Qatalum, qui a une capacité de fusion de 648 000 tonnes par an, a entamé un arrêt contrôlé le 3 mars après avoir été informé que son approvisionnement en gaz était sur le point d’être suspendu. La société publique QatarEnergy avait annoncé un jour plus tôt l’arrêt de la production de GNL après les attaques de drones iraniens contre ses installations.
« Après la confirmation du fournisseur de gaz de Qatalum qu’il maintiendra son approvisionnement à des niveaux réduits, Qatalum a décidé de mettre fin à de nouvelles réductions et de maintenir la production d’aluminium à environ 60 % de sa capacité », a déclaré Hydro dans un communiqué.
L’aluminium de référence à trois mois sur le London Metal Exchange a augmenté de 2,6% à 3 546,50 $ la tonne jeudi, le plus haut depuis près de quatre ans. La fermeture du détroit d’Ormuz a empêché les fonderies du Moyen-Orient, qui représentent environ 9 % de l’approvisionnement mondial en aluminium, d’effectuer leurs livraisons.
La société norvégienne Hydro détient 50 % de la coentreprise Qatalum aux côtés de Qatar Aluminum Manufacturing Co, détenue à 51 % par QatarEnergy.

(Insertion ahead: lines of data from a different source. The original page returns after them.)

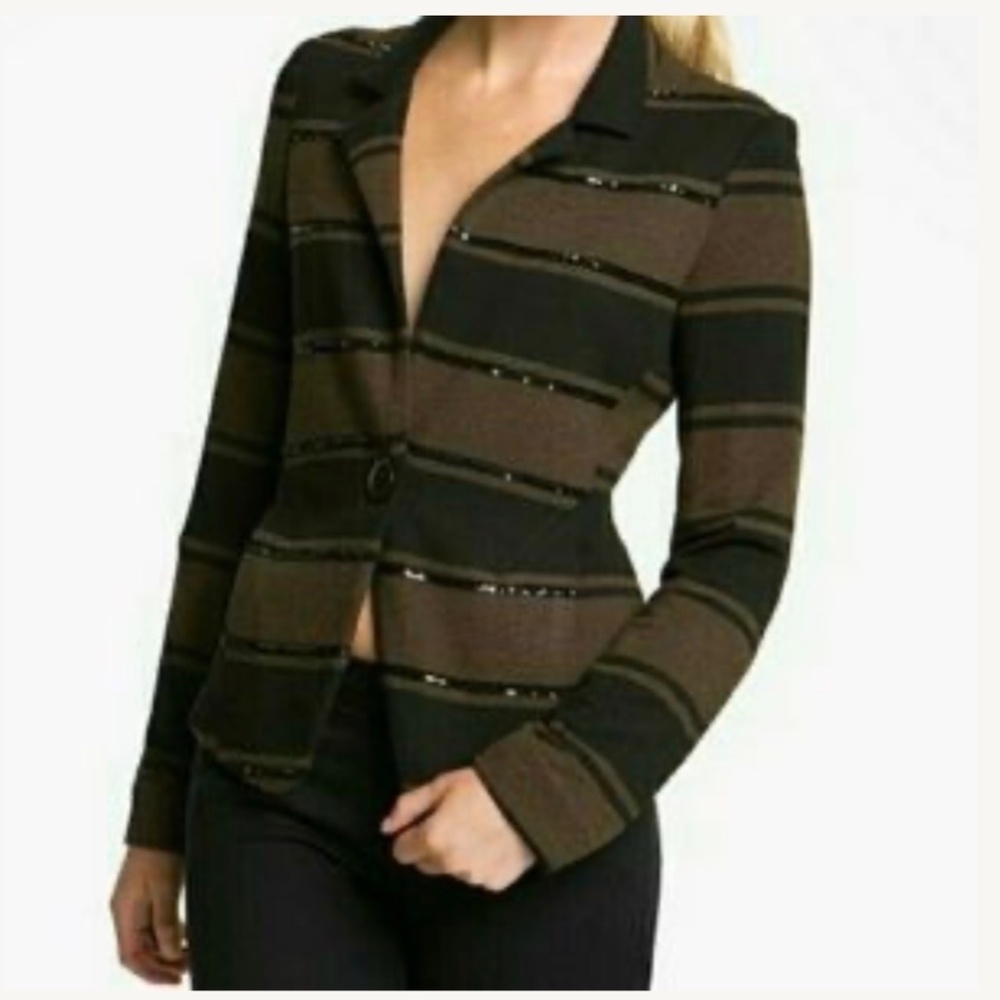 Bailey 44 striped sequin blazer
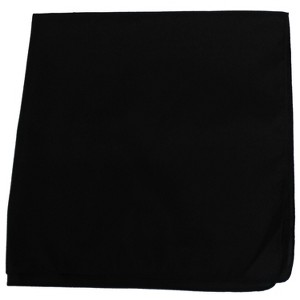 Daily Basic 12 Pack Solid 100% Cotton 22 in x 22 in Bandanas - 1 of 3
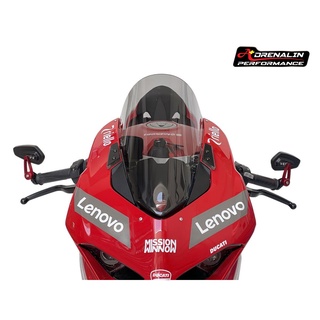 ชิวหน้า WRS สำหรับ panigale V4 V4S 2018 - 2019 V2   Made in Italy ทรง racing สี smoke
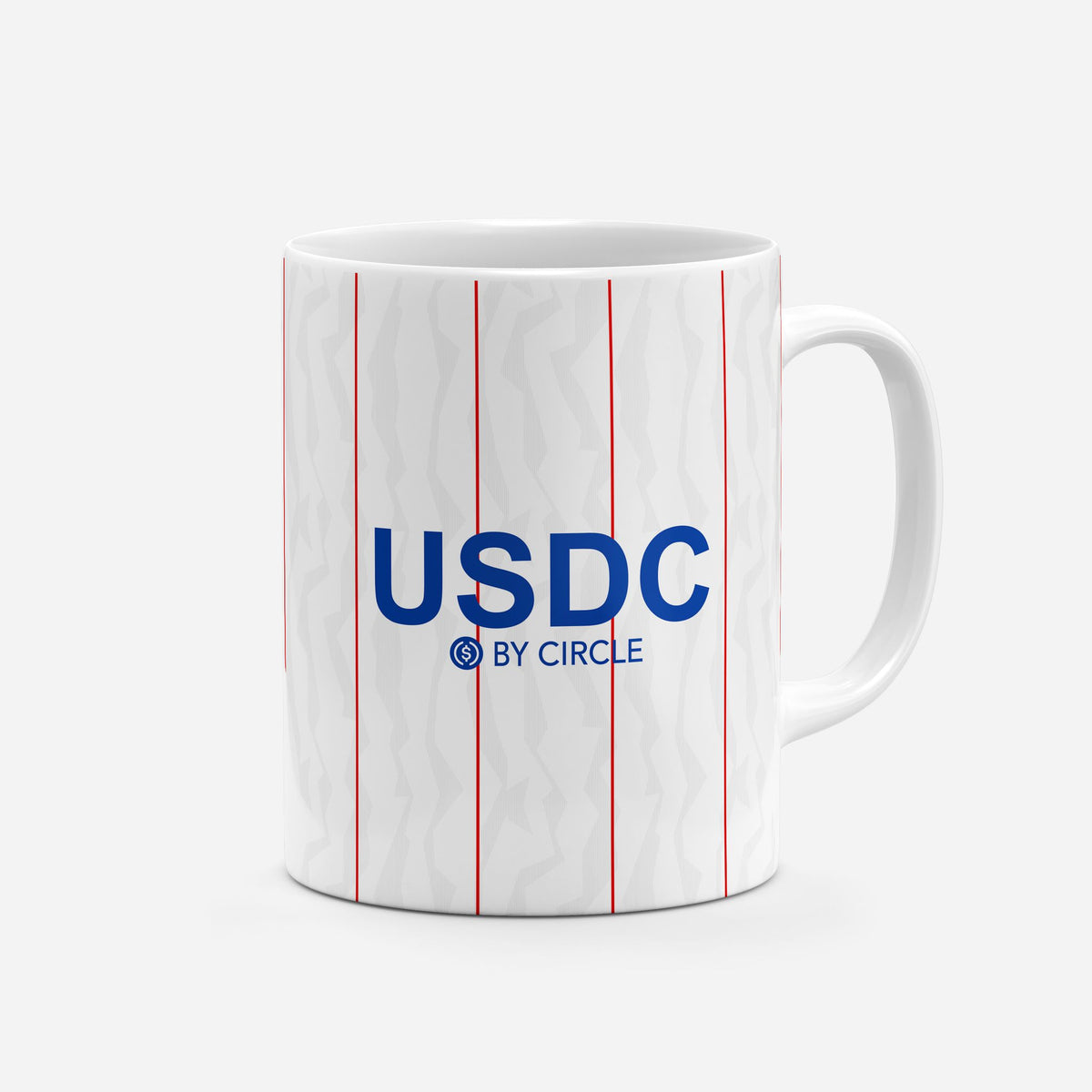 Mug with the Chelsea 2026-27 Third football shirt design by RIPA Football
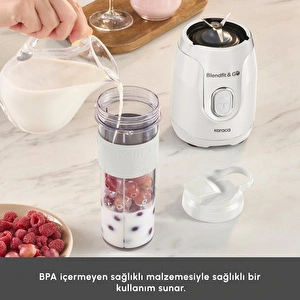 Karaca Blendfit Go Personal Kişisel Smoothie Blender Starlight görseli 5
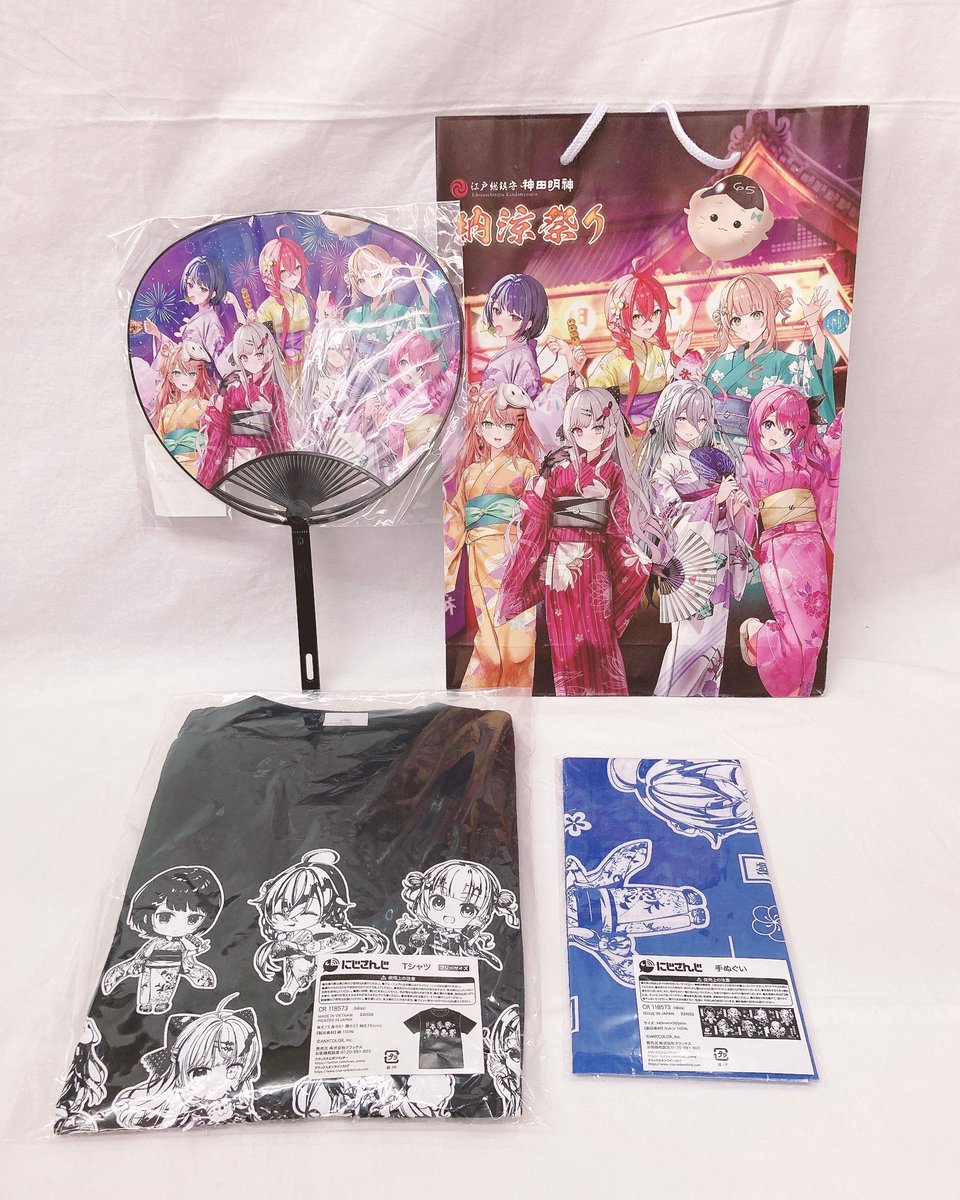 🎀入荷情報🎀 にじさんじ Idios 神田明神納涼祭り 夏祭りセット が入荷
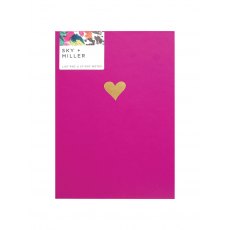Sky & Miller List Pad & Sticky Note Books Heart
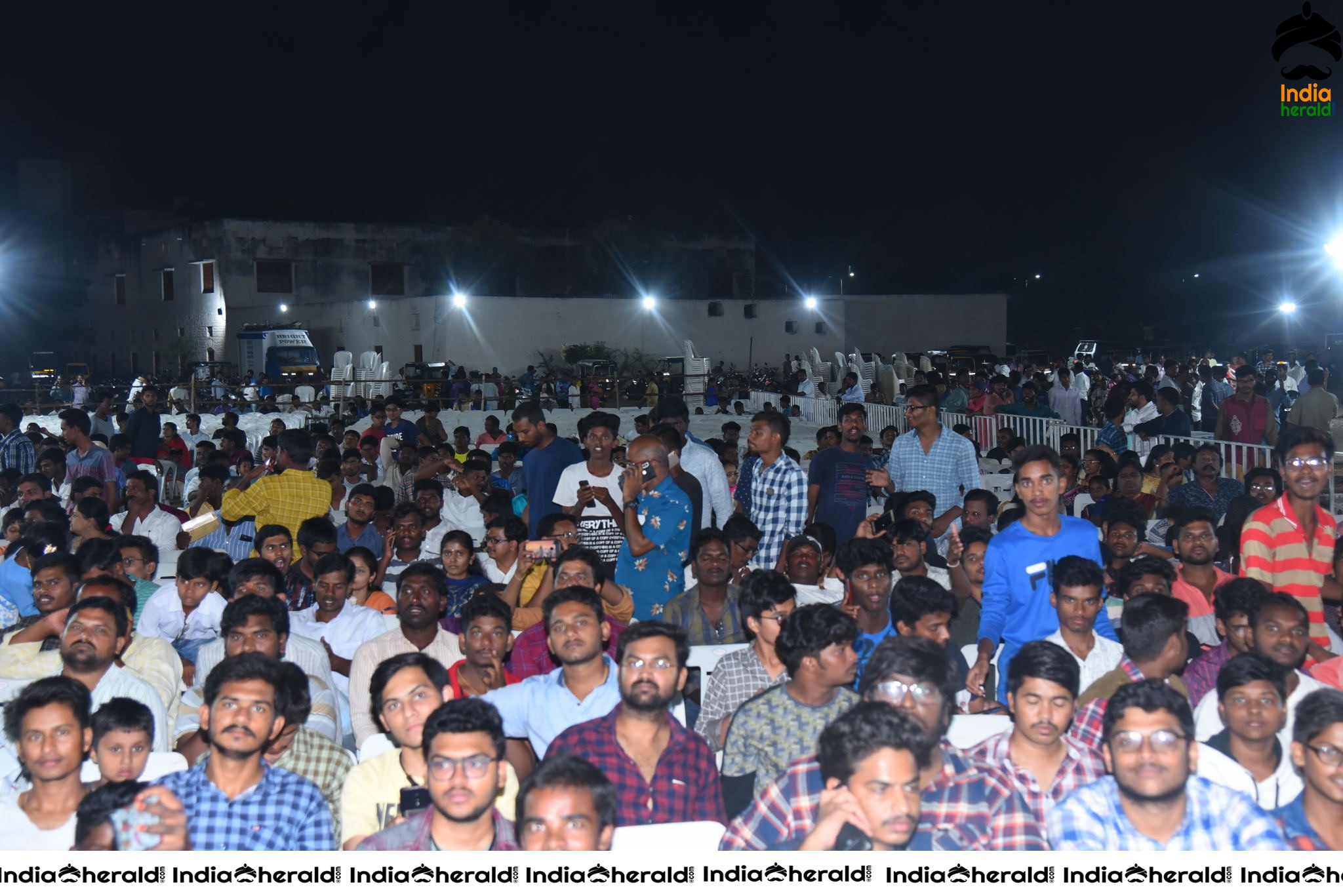 Huge Crowd Gathered at Tenali Ramakrishna BA BL Pre Release Event Set 2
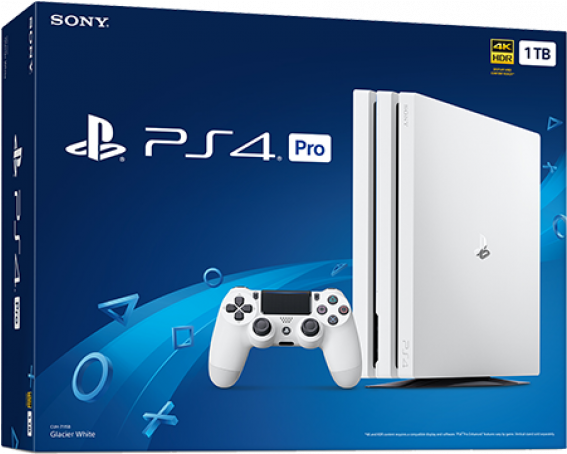 White Playstation 4 Pro 1tb 13093 (600x707), Png Download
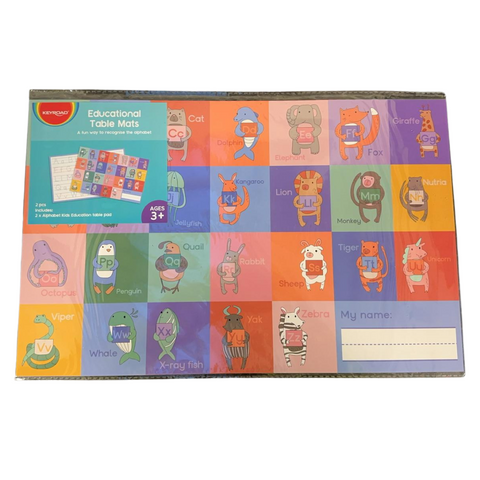 Keyroad Alphabet Educational Table Mats - MrPRICE.online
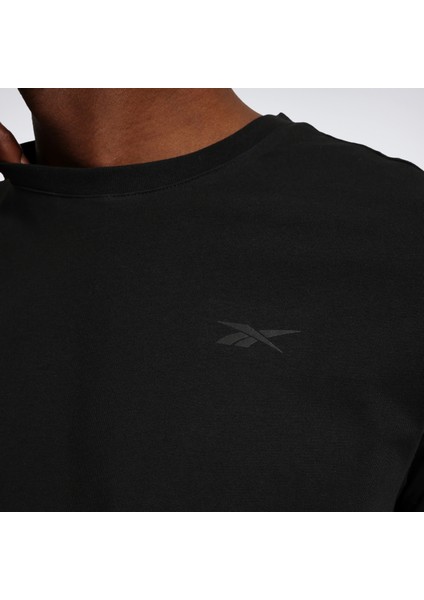 Athlete Tee 2.0 Rbk-Endur Siyah Erkek Kısa Kol T-Shirt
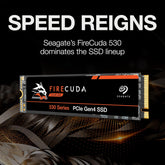 Seagate ZP1000GM3A013 FireCuda 530 1TB M.2 PCIe Gen4 ×4 NVMe 1.4 SSD
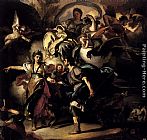Royal Paintings - The Royal Hunt Of Dido And Aeneas by Francesco Solimena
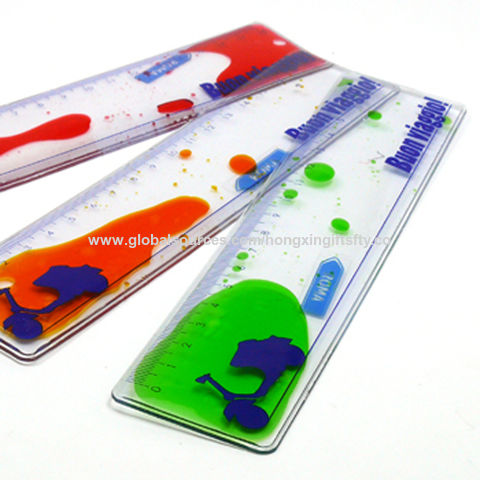 Advertising Ruler Pvc China Promotional liquid filled PVC ruler for kids on Global Sources ...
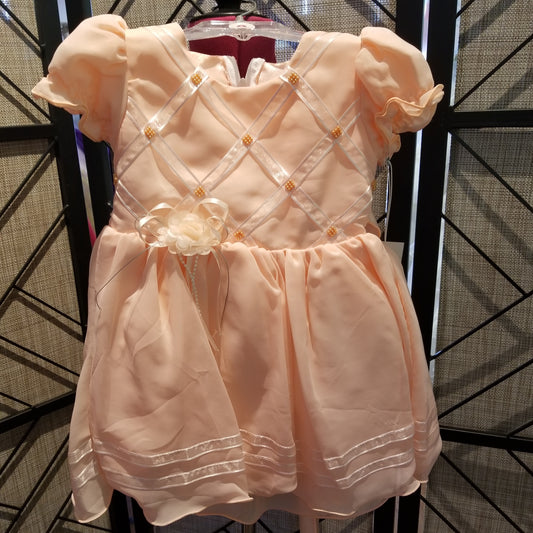 LIL MISS -  Lucy - Peach - Girls Dress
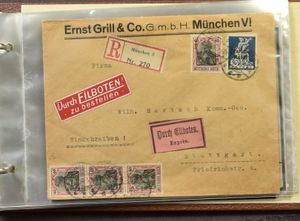 Germania, uitgebreide verzameling/samenstelling Reich, bezetting (w.o. veel België), zegels, poststukken, documentatie, zm/m/ntz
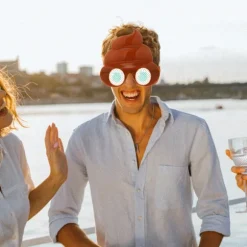 5 stk. sjove briller Nyhed Briller Poop Form Sjove Briller Strandfest Briller Nye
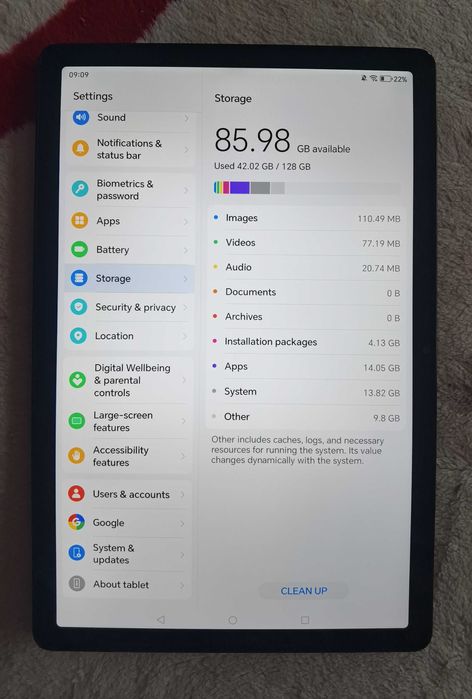 Tableta HONOR Pad X8A 128gb 4gb Gri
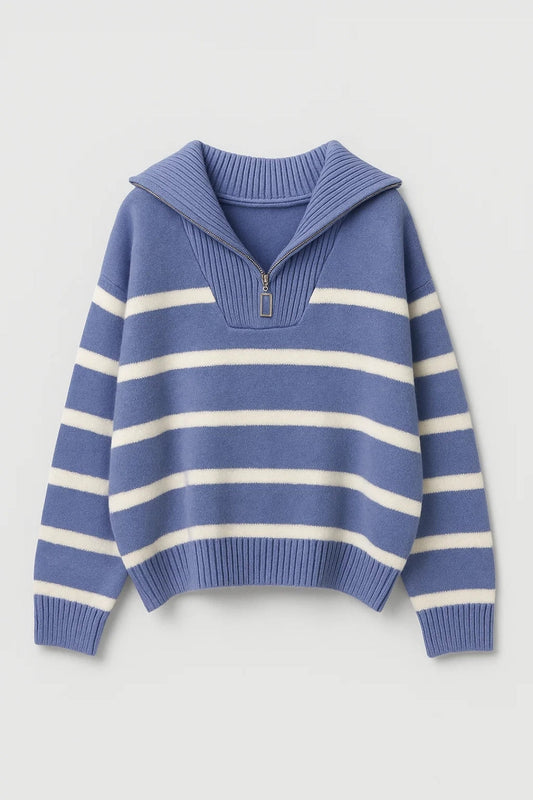 Kairis | Jersey de Rayas con Cuello con Cremallera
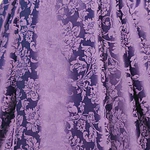 FALDA ADAMASCADA REGIONAL  T 42/44 TONO MORADO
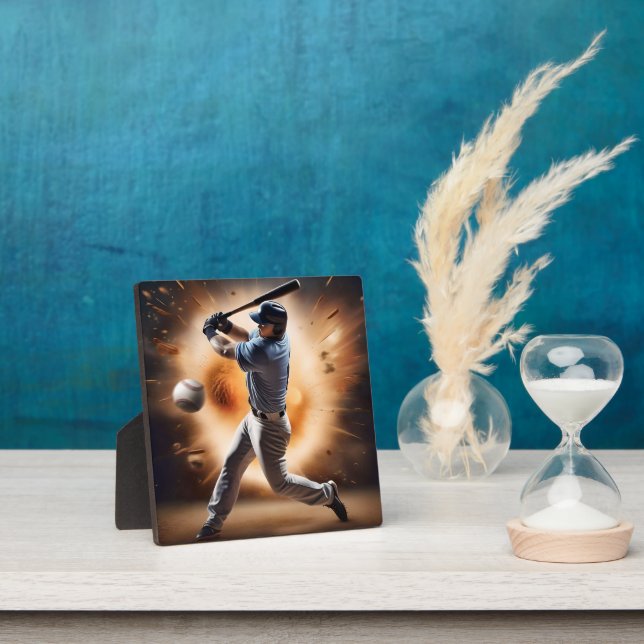 "The Dust-Cloud Showdown: A Pitcher's Fury" Plaque (Insitu)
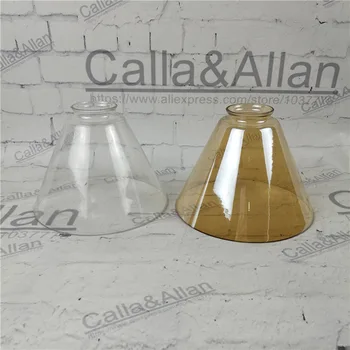 

Amber/ clear glass lampshade DIY lighting lamp shade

« La réduction a été effectuée de manière sûre et contrôlée. Associée à la poursuite de l’exploitation à environ 60%, cela améliore les conditions d’un futur redémarrage. On ne sait pas quand le redémarrage commencera », a déclaré Hydro.
« Hydro s’efforce d’atténuer les conséquences de la réduction et des perturbations des expéditions. La sécurité des employés de Qatalum reste la plus haute priorité », a-t-il ajouté.